Porque nós temos essa mania de guardar coisas? Seja por pena de usar, seja na esperança de emagrecer e caber de novo naquela roupa, um perfume ou um cosmético que, por ter sido caro demais e raramente usado, um sapato que é lindo e confortável, mas que talvez seja arrumado demais pra qualquer ocasião.
 
Mas sabonetes vencem. Toalhas amarelam, roupas param de caber, sapatos esfarelam se não forem usados. Até os vinhos, feitos para serem envelhecidos e quanto mais antigos, melhores, podem avinagrar se passar do ponto. As coisas vencem. E sentimentos também. 
 
Quantos de nós guardamos mágoas de pessoas que às vezes nem se lembram a razão de nos terem magoado — e, a depender, elas sequer sabem. Quantos são os sentimentos que ainda nos habitam, remoídos dia após a dia, numa lembrança que corrói? Uma palavra dura, uma ação, um silêncio, uma traição, um desentendimento.
 
Essa não é uma tentativa de diminuir nada e muito menos de passar pano para as pessoas que nos magoam e nos agridem. Mas o tempo passa. E quando o tempo passa, é suposto que leve com ele a validade das coisas, o tempo leva consigo a nossa validade, também. Todos os dias pessoas envelhecem, todos os dias pessoas morrem.
 
E todos os dias pessoas deixam para trás sabonetes que nunca usaram por pena, toalhas amareladas no armário, perfumes caros quase cheios, sapatos novos usados poucas vezes.
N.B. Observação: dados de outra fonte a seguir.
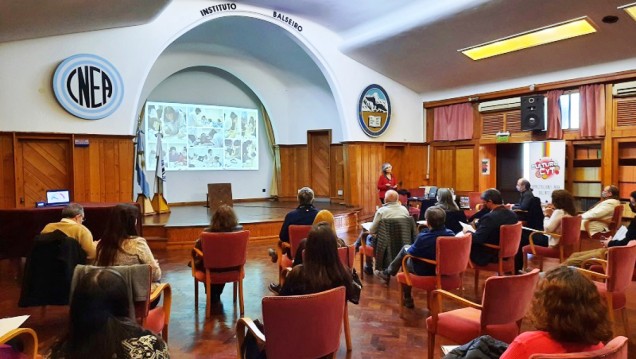 imagen Presentaron en el Balseiro una investigación sobre cursos para docentes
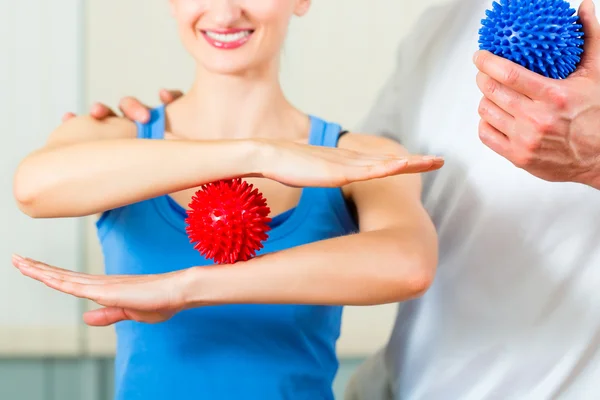 Paciente da fisioterapia fazendo fisioterapia — Fotografia de Stock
E todas as coisas, todas essas matérias, serão usadas, doadas, vendidas ou jogadas fora. Não importa o cuidado, carinho e atenção dadas todos os dias. Na ausência daquele que um dia foi dono, as coisas são só.... coisas.
 
Tirei os sabonetes da caixa e coloquei no armário do banheiro, um inclusive já está acabando. Use seu perfume caro, doe a roupa que não cabe mais, lave as toalhas encardidas e use-as. Calce o sapato caro e cheio de brilho mesmo que a ocasião seja só um barzinho. Porque as coisas acabam e nós também. O tempo passa e nós também. E as mágoas devem passar, também. Porque perdão é, muitas vezes, sobre o bem que nos faz ao oferecê-lo e não necessariamente ao bem do outro que o recebe. 
 
Pare de guardar.
Pare de guardar antes que seja tarde e todas as suas expectativas se resumam a arrependimento. 
 
Se eu tivesse usado, não teria vencido. Se eu tivesse usado, não teria esfarelado. Se eu tivesse perdoado, se eu tivesse ligado, se eu tivesse dito, se eu tivesse feito.
 
Pare de guardar para que não haja um "se".